From 1964 to 1972, Harold served as Minister of Christian Education at Asbury Church, Warwick RI, at Burnside Church, East Hartford, CT and at Wilmington, MA. Services of Prayer for Christian Unity in East Hartford and in Wilmington benefitted from his commitment to ecumenism. Over these years, he took additional training in eight laboratory schools; the nursery and kindergarten were his favorite age-levels. The New England Southern Conference ordained him an elder in 1965 and admitted him to full membership in 1968. For twenty-five continuous years he gave leadership at the conference level as an officer of the Board of Education, Board of Discipleship, Committee on the Lay Worker, Board of Diaconal Ministry, and Bureau of Conference Sessions. For several years he was a member of the Alumni Council at the School of Theology.
Christian education was Harold's supreme calling, but when full-time positions in Christian education were no longer available to men in the New England Conference, he returned to mathematics education, teaching three years at Woburn High School. Then in 1975 he joined the faculty of Bentley College, where he was a professor of mathematics for eighteen years and then closed out his career as an academic advisor to adult students. In 1985 Bentley honored him with its Adamian Award for Excellence in Teaching. That day, along with the day when he had received his Phi Beta Kappa Key, and the day when a student of his at Wayland had discovered the integral calculus for herself, were the most memorable days of his career. He retired from the college in 1997.
Even in those years when he made his living in the secular world, he also served part-time as educational consultant at St. Johns Korean Church, Lexington, for two years, as interim pastor in Saugus for eight months, and associate pastor of North Boston Korean Church, Andover, for two years. His charge conference during these years was Old South Church, Reading, MA where he lived, and where he served in many capacities in its educational ministry.
Harold made two trips to Germany on church exchanges, and for three different periods shared his home with students and families from Korea and Germany.

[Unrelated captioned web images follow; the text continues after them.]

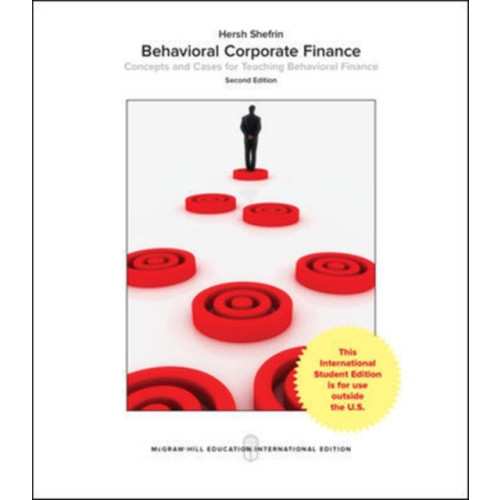 McGraw-Hill Education Behavioral Corporate Finance (häftad, eng)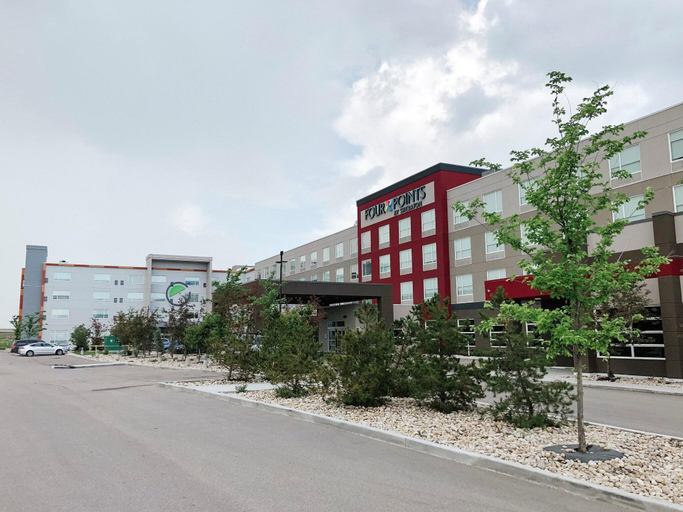 Exterior & Views 2, Element by Marriott Edmonton West, Division No. 11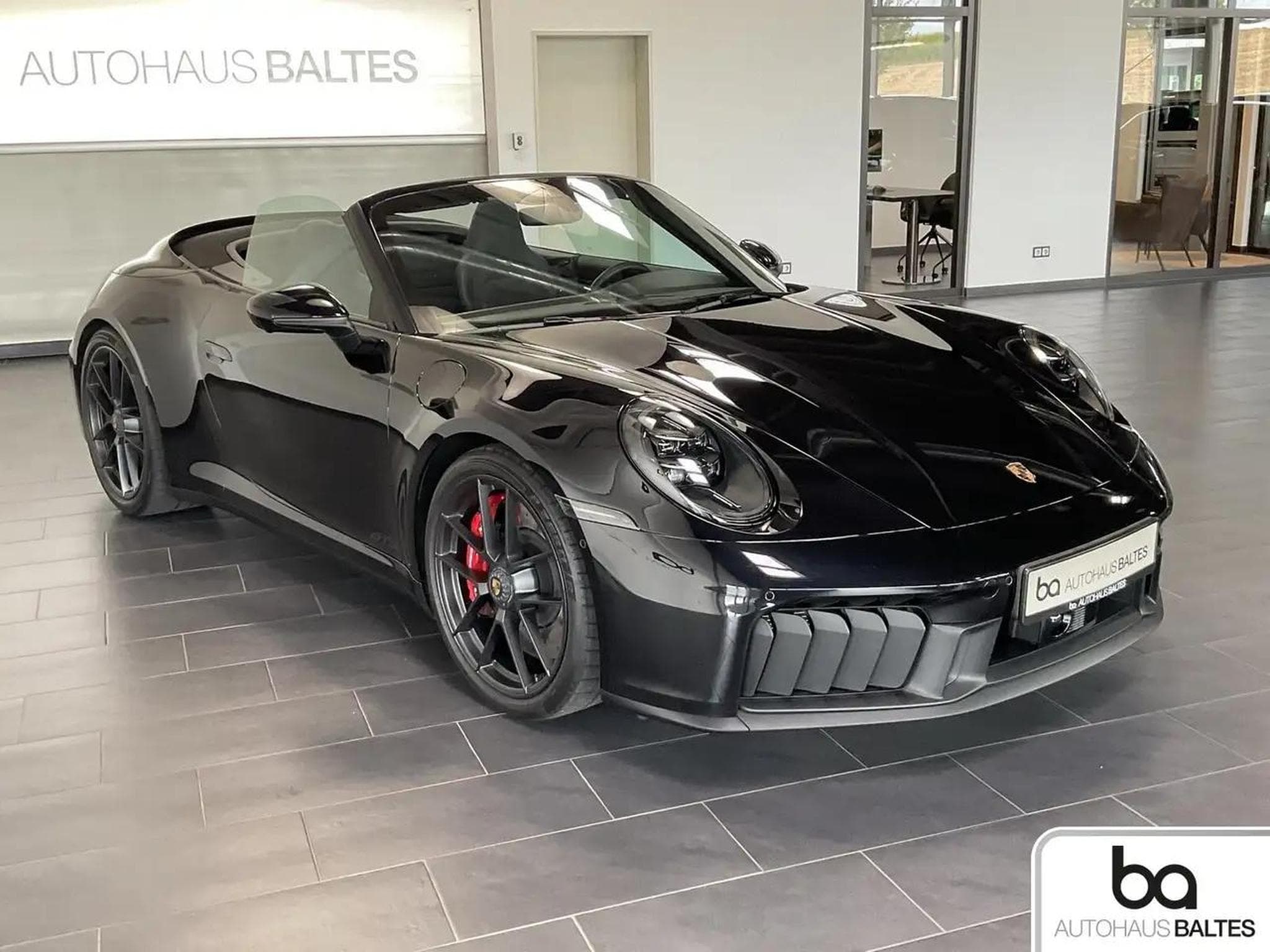 Porsche 911 (2025) - Photo 5
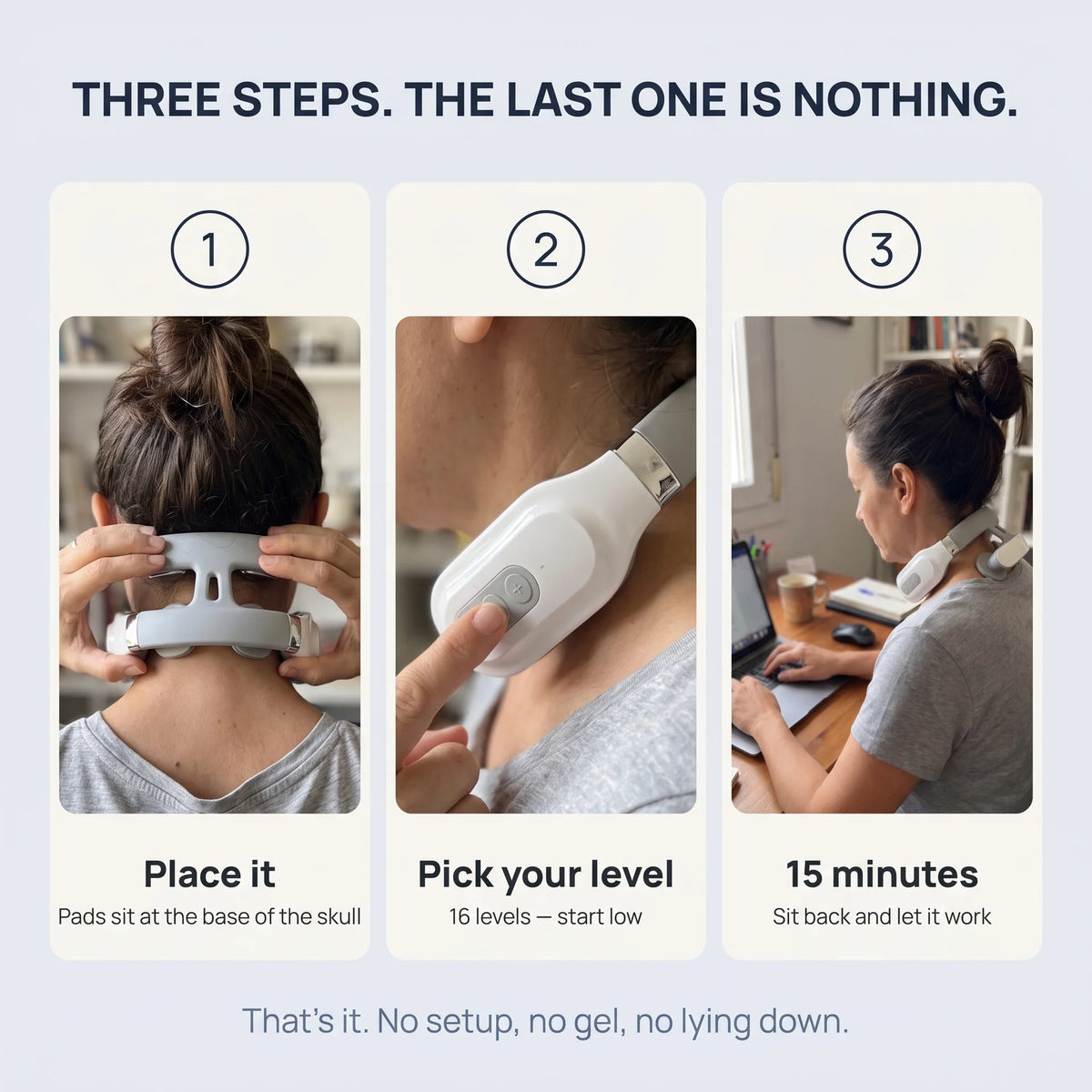 Cervana NeckRelief Pro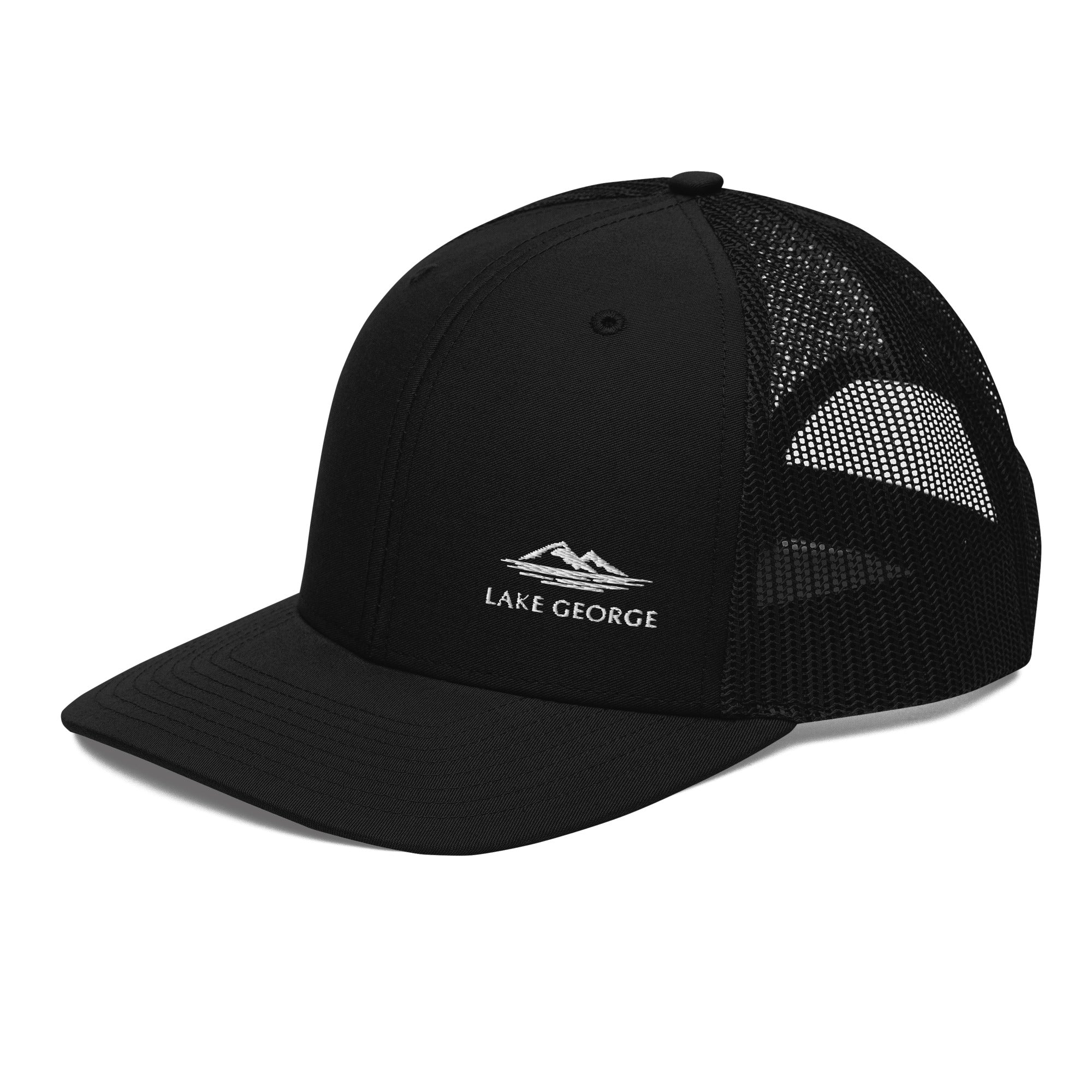 Lake George Trucker Cap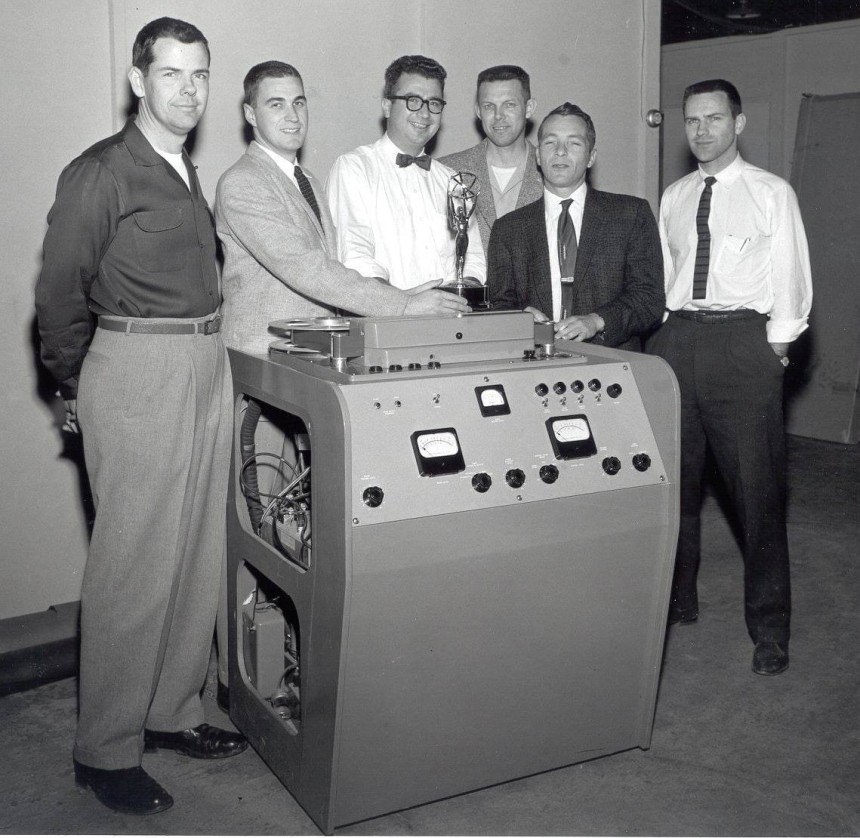 Перший комерційний відеомагнітофон: Революція на телебаченні в 1956 році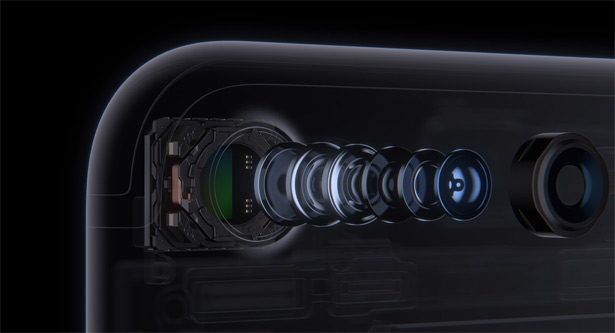 камера iPhone 7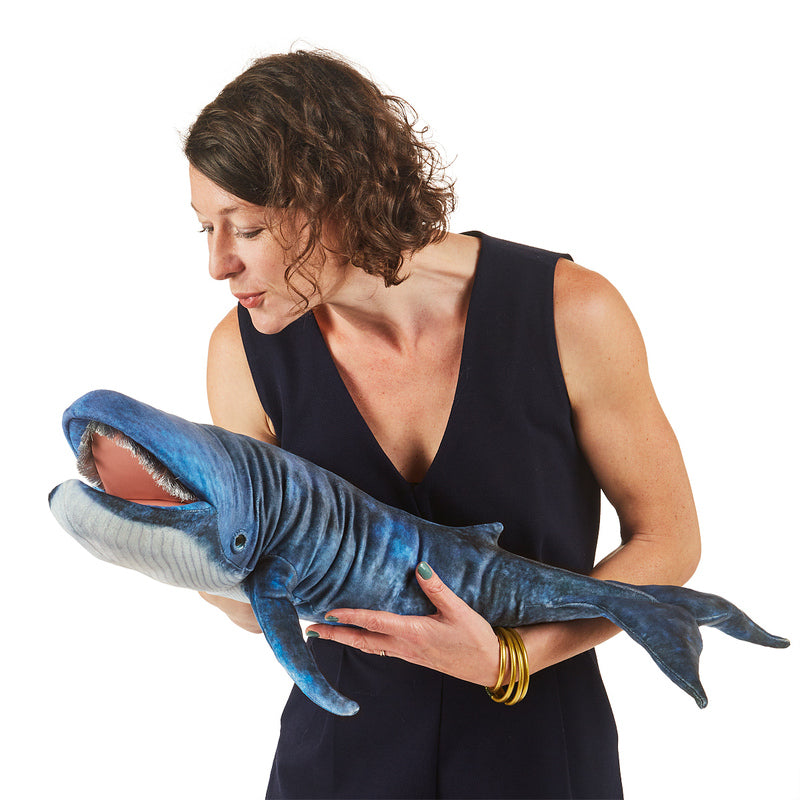 
                      
                        Puppet | Blue Whale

Harold returned to Newport in 1997 and within a few months was recruited to reopen and organize the town's Historical Museum, a task to which he devoted almost full-time for eight years. He was "called out of retirement" to teach the Advance Placement Calculus at Newport High School in 2001-2002.
He changed his charge conference to Sunapee, NH in 2006, the church of his mother and his grandparents and often assisted in services and worked on historical records.
He chose the celibate life in order to give his time to his two professions.
Harold is survived by three of his siblings; Mrs. Donald (Jennie) Brown of Williamstown, VT; Leonard Perkins of Ira, MI; and Dorothy Perkins of Denham Springs, LA and many nephews and nieces.
He was predeceased by his parents, his brother Laurence, his brother-in-law Donald Brown, and a nephew, David C. LaFleche.
A memorial and committal will be held in late June 2017 when family can attend at the Lake Sunapee United Methodist Church. Memorial donations may be made to the Lake Sunapee United Methodist Church at 17 Lower Main Street, Sunapee, NH 03782.